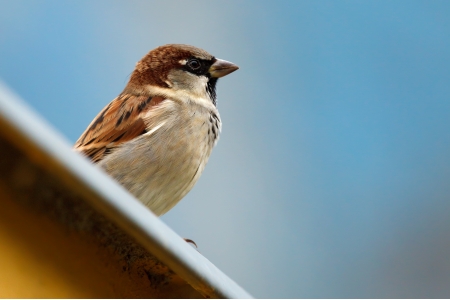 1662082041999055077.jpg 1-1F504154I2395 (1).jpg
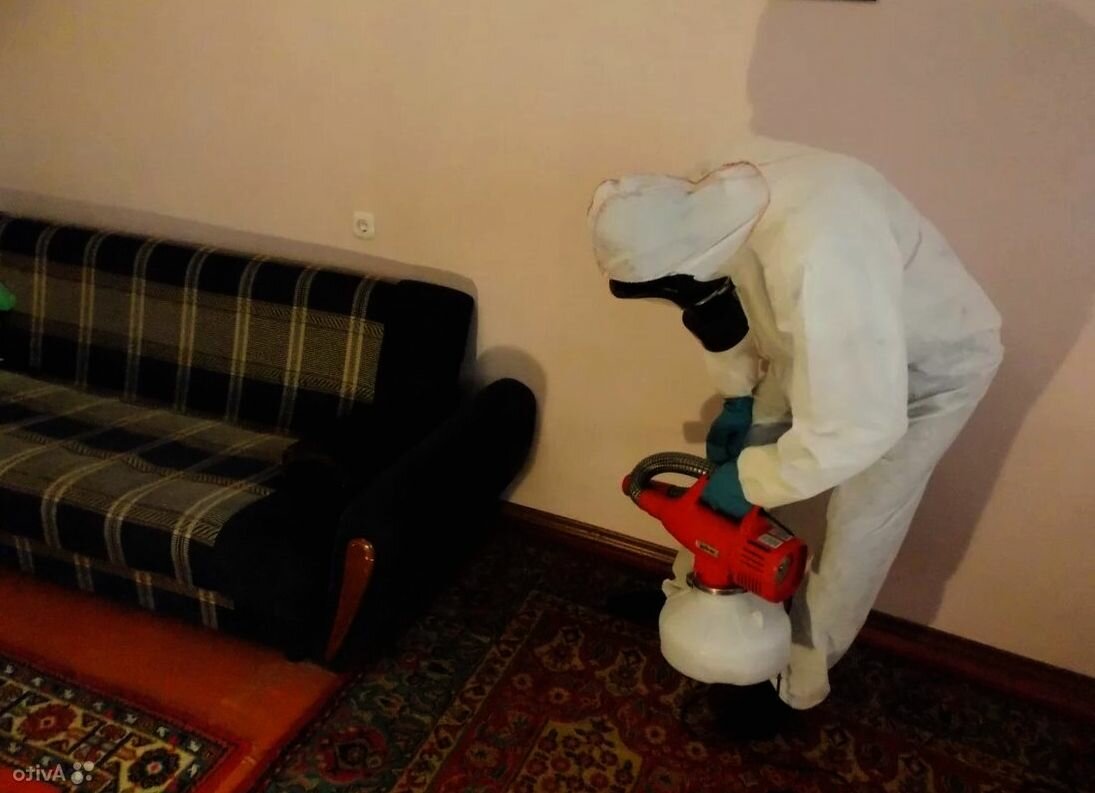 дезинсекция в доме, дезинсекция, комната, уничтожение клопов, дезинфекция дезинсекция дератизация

...

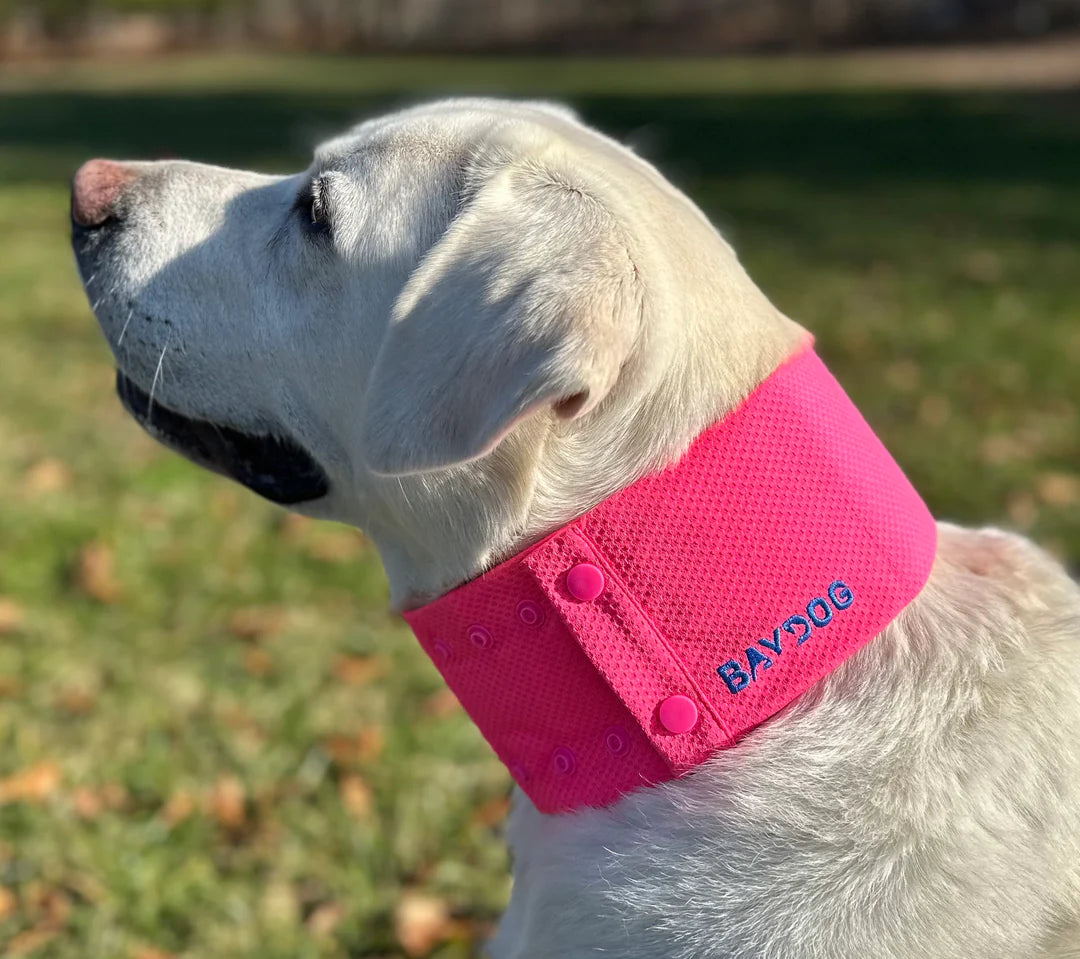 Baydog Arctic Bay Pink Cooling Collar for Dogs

...

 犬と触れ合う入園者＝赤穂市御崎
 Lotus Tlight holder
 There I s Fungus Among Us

**WHAT THE TASK REQUIRES**
In the listing above, find the line containing "1662082041999055077.jpg 1-1F504154I2395 (1).jpg" and the line containing "дезинсекция в доме, дезинсекция, комната, уничтожение"; print those lines and every line between them exactly, leaving out pictures.

**ANSWER BOX**
 1662082041999055077.jpg 1-1F504154I2395 (1).jpg
 дезинсекция в доме, дезинсекция, комната, уничтожение клопов, дезинфекция дезинсекция дератизация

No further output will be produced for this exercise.